The “Classic Chocolate Chip Cookies” are very good. It isn’t my favorite chocolate chip cookie recipe, but when I had my extended household vote on it, Dorie Greenspan’s cookies won. I’m sorry Sarah Keiffer. Your cookies will still be my favorite.
The Almond-Herb Crust is amazing. It’s perfect for our bumper crop of tomatoes and cucumbers – for tomato parmesean tarts, or layered with goat cheese, cucumbers and salt. The crust is also great as a cracker.
That said, the Almond Herb Crust raises my biggest complaint about Baking with Dorie. Her recipes frequently require a standing mixer or a food processor. Greenspan is hardly the only author who does this, but it bothers me every time I see it. Not everyone has a standing mixer or a food processor, and there are many reasons not to have one. I don’t have a food processor and have made the crust without it just fine. But when I was still a newbie baker, not seeing by hand instructions would have made me feel like I couldn’t attempt the recipe.

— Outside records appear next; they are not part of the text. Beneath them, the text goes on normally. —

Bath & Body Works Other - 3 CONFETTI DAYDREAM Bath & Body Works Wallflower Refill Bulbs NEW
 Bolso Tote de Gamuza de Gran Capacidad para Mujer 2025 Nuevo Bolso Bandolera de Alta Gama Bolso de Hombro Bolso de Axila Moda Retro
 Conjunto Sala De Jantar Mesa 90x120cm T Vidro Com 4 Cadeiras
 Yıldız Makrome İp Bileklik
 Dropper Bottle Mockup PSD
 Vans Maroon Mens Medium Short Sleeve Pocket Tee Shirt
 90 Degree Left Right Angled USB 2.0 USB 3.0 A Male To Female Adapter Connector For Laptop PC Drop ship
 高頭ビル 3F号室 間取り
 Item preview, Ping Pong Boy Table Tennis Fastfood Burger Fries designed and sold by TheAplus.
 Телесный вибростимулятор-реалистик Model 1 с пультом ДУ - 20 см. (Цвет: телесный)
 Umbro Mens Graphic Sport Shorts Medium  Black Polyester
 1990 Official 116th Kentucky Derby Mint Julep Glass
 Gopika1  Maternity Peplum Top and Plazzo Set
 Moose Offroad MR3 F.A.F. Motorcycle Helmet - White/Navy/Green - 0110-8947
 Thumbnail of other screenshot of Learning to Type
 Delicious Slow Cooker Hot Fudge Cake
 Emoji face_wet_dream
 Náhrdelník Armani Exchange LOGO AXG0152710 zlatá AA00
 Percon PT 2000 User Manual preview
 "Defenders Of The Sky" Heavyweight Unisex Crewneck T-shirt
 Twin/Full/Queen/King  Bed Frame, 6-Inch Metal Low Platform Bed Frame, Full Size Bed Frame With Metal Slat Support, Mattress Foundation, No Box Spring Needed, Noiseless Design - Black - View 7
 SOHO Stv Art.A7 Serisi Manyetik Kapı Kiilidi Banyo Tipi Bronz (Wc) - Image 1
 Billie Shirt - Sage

My only other complaint is that I wish the savory section had been bigger.
Next year during rhubarb season, I’m going to try the “Dark Chocolate Rhubarb Tart” and perhaps reread Molly Harper’s How to Date Your Dragon, which features a pie shop claiming to have the world’s best chocolate rhubarb pie.
Don’t look here if you are looking for a lot of gluten free or dairy free recipes. That’s not what this cookbook is about, and that’s fine.
I received this as an advance reader copy from NetGalley in exchange for an honest review.